The Guardian newspaper spent all day Monday hanging out with U2 in Cologne.
Writer Madeleine Bunting wanted to know how campaigning against poverty in Africa sits with the life of a rock'n'roll star. It's a great read - we carry extracts below and a link to the whole piece.
Meantime looks like European fans are getting into the campaign now that the tour has reached the UK. At Manchester, for the first UK show on Tuesday, more than 12,000 people sent in a text to join the Make Poverty History
movement. In the US more than 800,000 people have now joined the ONE Campaign
'Bono's ability to win people over to his mission for Africa is legendary. But how does he do it? And where does he think this fusion of celebrity and politics will lead?

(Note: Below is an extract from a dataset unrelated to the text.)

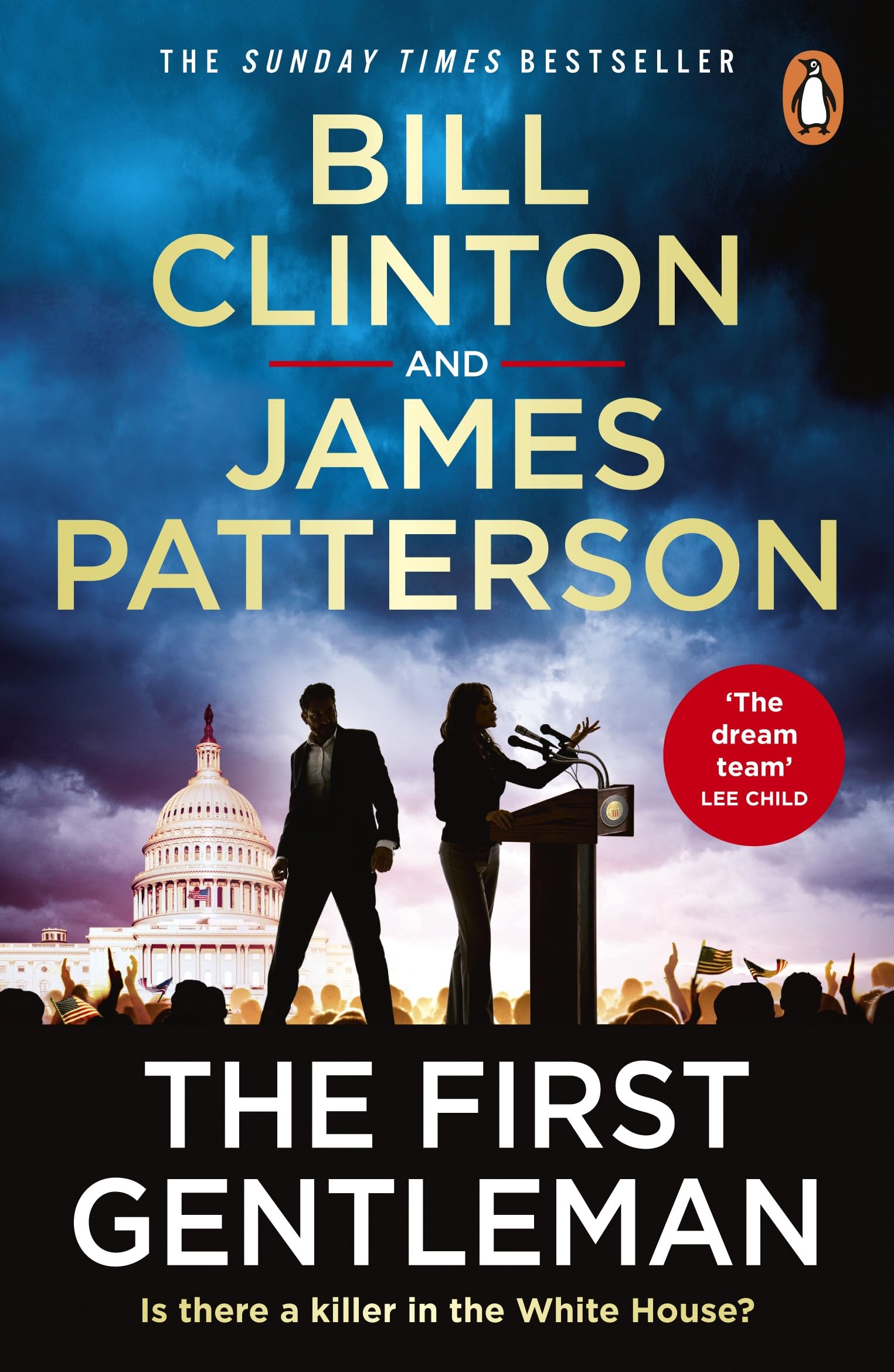 President Bill Clinton & James Patterson - The First Gentleman | Political Thriller Paperback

In his only newspaper interview, Madeleine Bunting spends a day with the U2 star to find out.'
*** 11.30am: It's 11.30 in a top floor suite in a five-star hotel in Cologne... Ahead lies a day of press interviews, a German television show, rehearsals and a late flight to Manchester. Wim Wenders, the German film-maker, comes by to give back a book which Bono had lent him. It's the Polish journalist, Ryszard Kapuscinski's classic on Africa, The Shadow of the Sun. Bono has managed to pull Wenders into taking a key role in Germany's equivalent of Make Poverty History.
*** 12.30pm: Finally, Bono emerges and he's walking stiffly. But the pain doesn't stop the campaign; we're in the lift and the talk is of last weekend's deal on debt. "The conditionality is critical," he says. "Is it the conditionality of we'll drop the debt if you drop your tariffs so we can flood your markets with cheap imports?"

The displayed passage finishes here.